#### Work task:
Transcribe every line below exactly; no image goes into the output.

#### Data block:
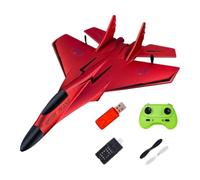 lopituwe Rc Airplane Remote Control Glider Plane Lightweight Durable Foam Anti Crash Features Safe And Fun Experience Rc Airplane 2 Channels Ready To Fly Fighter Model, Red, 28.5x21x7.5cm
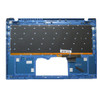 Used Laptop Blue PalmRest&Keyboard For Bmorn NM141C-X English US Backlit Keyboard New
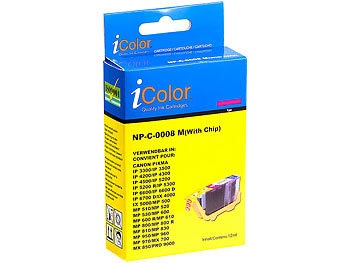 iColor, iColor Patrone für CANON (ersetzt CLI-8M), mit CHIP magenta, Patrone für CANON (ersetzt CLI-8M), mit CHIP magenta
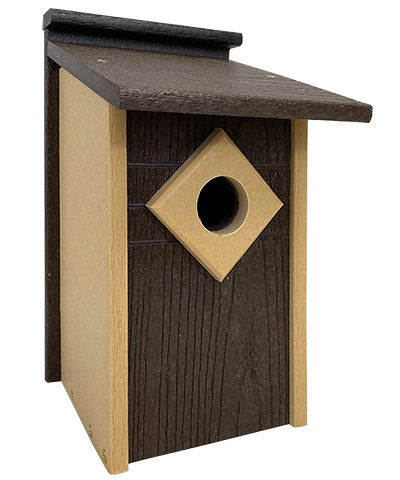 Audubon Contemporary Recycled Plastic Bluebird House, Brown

#### Solution to this task:
 lopituwe Rc Airplane Remote Control Glider Plane Lightweight Durable Foam Anti Crash Features Safe And Fun Experience Rc Airplane 2 Channels Ready To Fly Fighter Model, Red, 28.5x21x7.5cm
 Used Laptop Blue PalmRest&Keyboard For Bmorn NM141C-X English US Backlit Keyboard New
 iColor, iColor Patrone für CANON (ersetzt CLI-8M), mit CHIP magenta, Patrone für CANON (ersetzt CLI-8M), mit CHIP magenta
 Audubon Contemporary Recycled Plastic Bluebird House, Brown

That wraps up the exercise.